Obra de Borba Bonafuente |
Aunque parezca increíble, la gente ya no se
muere, ahora se va. Es muy inusual escuchar que tal persona ha muerto, pero sí
lo es escuchar que tal persona se ha ido, aunque nadie de los que utilizan la expresión agregue a qué sitio
exactamente. Otro eufemismo un tanto banal es que la persona ya está descansando, como si se hubiera
ido a echar la siesta. Descansar quita pesantez y alivia la experiencia de morir, pero su significado es cesar en el trabajo, reposar, dormir un rato. El eufemismo que ya ha alcanzado el
estatuto de manido y por tanto vive instalado en el guión cultural colectivo es señalar que alguien nos ha abandonado en vez de afirmar que ha
muerto. «Nos abandonó en la madrugada de ayer», «nos abandonó de repente, nadie se lo esperaba». Este eufemismo riza el rizo,
porque cuando alguien abandona un lugar lo hace por voluntad propia, y
normalmente la muerte irrumpe contra la voluntad del finado. Abandonar es dejar
solo a alguien o interrumpir su cuidado, y cuando decimos que alguien nos ha
abandonado, o nos ha dejado, parece que estamos reprochando que ese alguien desdeñe nuestra presencia, o que incumpla sus promesas, o que haya decidido deliberadamente inasistir a una cita. Cuando una persona abandona algo está ejerciciendo su plena autonomización. Morir es justo perderla.

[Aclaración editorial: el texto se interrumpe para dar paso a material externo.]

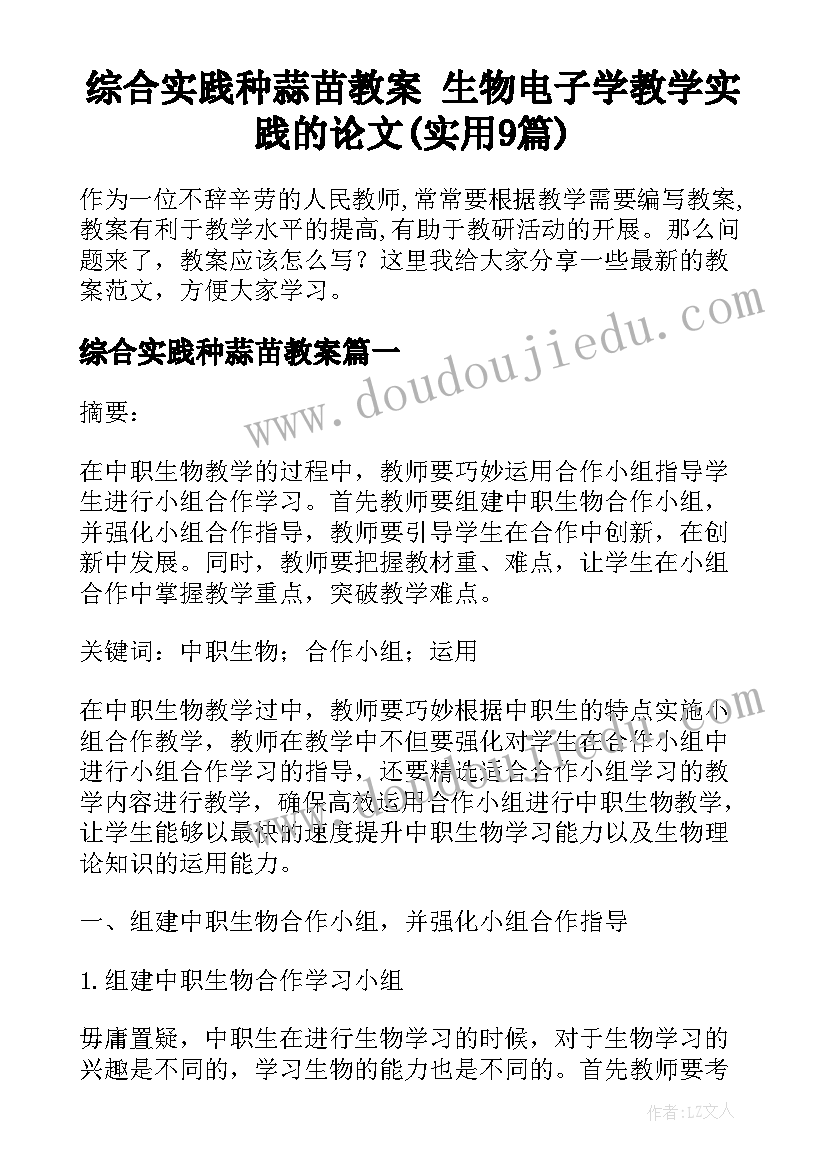 综合实践种蒜苗教案 生物电子学教学实践的论文(实用9篇)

La derrota del pensamiento (como escribió Alain Finkielkraut),
la infantilización del mundo, la sociedad del espectáculo (gran definición de Guy
Debord en la que ser es tener y tener es parecer), la ligereza de los tiempos
(como describe en su último ensayo Guilles Lipovetsky), la inconsistencia de los vínculos y de los
deseos (el mundo líquido tan genialmente acotado por Zygmunt Bauman), quizá tengan algo
que decir al respecto de este cortejo de palabras trucadas para no pronunciar
la palabra muerte. La muerte requiere pensamiento para ser entendida en su vacía totalidad, finiquita el espectáculo, despide la
ligereza, enseña los verdaderos vínculos a los que no se mueren, patentiza sin miramientos qué es ser
y qué es tener. La muerte es un evento biológico, pero la finitud es la
conciencia de que ese evento tarde o temprano prorrumpirá en nuestras vidas. La
posibilidad de esa conciencia es la que nos humaniza y nos permite jerarquizar
el sentido de aquello que realizamos en este tracto que llamamos vida. Que nos
resulte poco decoroso llamar a la muerte por su nombre es preocupante,
porque el conocimiento de que vamos a morir es la quintaesencia de la vida humana. Morir
es clausurar el proyecto que somos mientras estamos vivos. La definición más precisa
de la muerte que yo he leído jamás la descubrí hace muchos años en una obra de
Heidegger. La muerte es la posibilidad que imposibilita todas las demás
posibilidades. Nada que ver con irse, abandonar, o descansar.